Los cambios en el Código. Malo conocido y malo por conocer
Las organizaciones del campo popular venimos denunciando al Código de Faltas porque entendemos que su función es la de ser una herramienta para avalar la represión que se descarga todos los días sobre el pueblo trabajador y especialmente sobre la juventud. La aplicación del Código de Faltas en la provincia es la que legitima que la Policía realice 80.000 detenciones arbitrarias anuales por contravenciones, es decir, una cada 15 minutos. Esto está garantizado porque el Código de Faltas:
a. Define contravenciones poco claras y ambiguas, completamente manipulables por quién las aplica, como por ejemplo “merodeo” o “escándalo en la vía pública”.
b. Da poder a la Policía para definir qué es una falta y qué no, y para actuar de acuerdo a ello.
c. Da poder a la Policía para realizar detenciones “preventivas”, si sospecha que se estaba por cometer una contravención. Las penas por contravenciones incluyen el arresto.
Entendemos que estructuralmente no cambió nada con este nuevo Código de Convivencia, porque los tres puntos que marcábamos antes se mantienen igual. Las figuras ambiguas persisten, la potestad de la Policía es la misma y la capacidad de realizar detenciones “preventivas sigue inalterada. De todas formas, la letra del Código cambió, así que aquí analizamos los principales cambios:
Con respecto a las contravenciones, se agregaron algunas como “tocamientos indecorosos” (¿Cuál es un tocamiento indecoroso y cuál no?), “actitud sospechosa” (que a pesar de que está especificada, es extremadamente ambigua, y deja librado a la imaginación de la policía quién es sospechosx y quién no), y una que apunta específicamente a criminalizar a lxs “naranjitas”.
Como contracara, se quitaron las figuras que penalizaban a la “mendicidad”, a la “prostitución escandalosa” (un artículo que criminalizaba a las trabajadoras sexuales autónomas, haciéndolas especialmente vulnerables a la represión policial), al “merodeo en zona urbana” y a “consumir bebidas alcohólicas en la vía pública”.

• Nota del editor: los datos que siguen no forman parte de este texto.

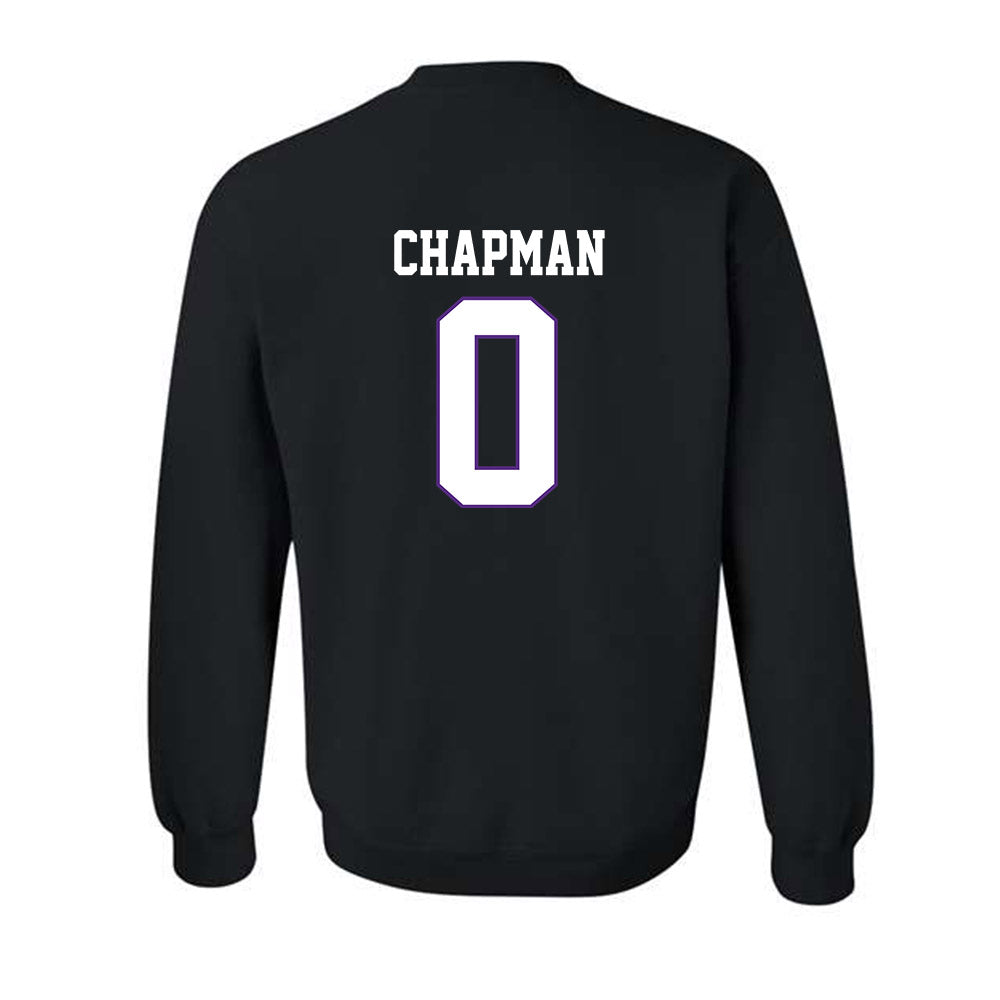 TCU - NCAA Football : Zach Chapman - Classic Fashion Shersey Crewneck Sweatshirt-1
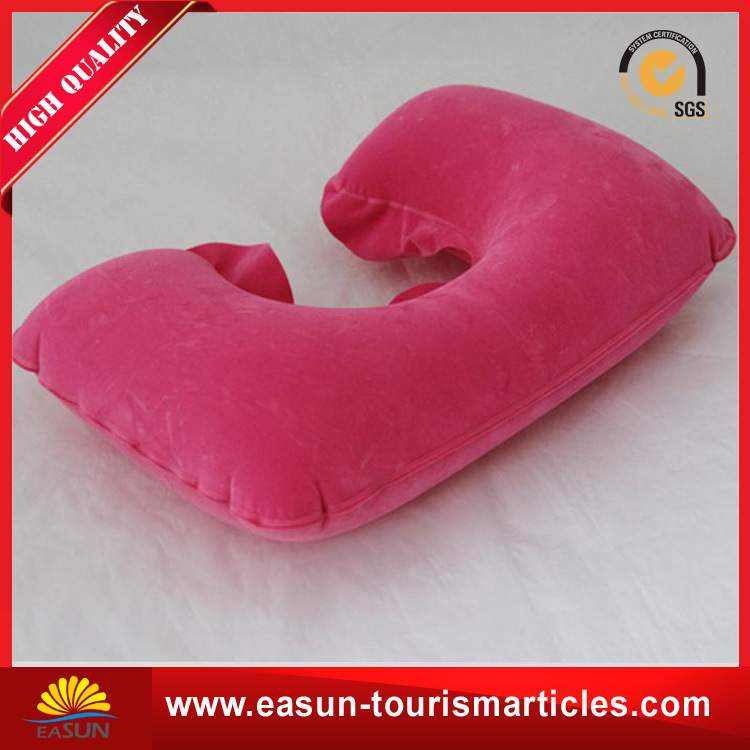 Disposable Pillow Inflight Inflatable Car Pillow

Con respecto al procedimiento de la aplicación, un cambio relevante es que la edad mínima para ser detenidx por contravenciones ascendió de 16 a 18 años.
Otro cambio es que ahora se exige que se le provea a quien sea detenidx de un abogado defensor, y que en el juzgamiento deba intervenir alguien del poder judicial (unx ayudante fiscal o juez de paz), y que no pueda realizar el juzgamiento el personal policial que lo hacía con el Código de Faltas. Otro punto de suma importancia es que la detención preventiva que antes no tenía un tiempo mínimo, ahora está limitada a 8 horas.
Código de Convivencia: El nuevo nombre del Código de Faltas
A fines del 2014, el gobierno provincial intentó llevar adelante un proceso para modificar al Código de Faltas vigente, para convertirlo en el nuevo “Código de Convivencia Ciudadana”.
El gobierno desarrolló un proceso que pretendía legitimar las modificaciones al Código, pero no le salió como esperaba. En una audiencia pública en la que participaron como oradorxs más de 70 personas, la abrumadora mayoría de las intervenciones se dedicó a criticar las modificaciones propuestas, entendiendo que con ellas se profundizaba aún más el carácter represivo del Código de Faltas, como por ejemplo la tipificación de nuevas figuras para criminalizar a los sectores populares.
Ante esta situación, sumada a la movilización en la que nos manifestamos en contra del nuevo Código de Convivencia, los bloques de la oposición adelantaron que votarían en contra, y el oficialismo reculó de posición, dejando el proyecto cajoneado por el momento.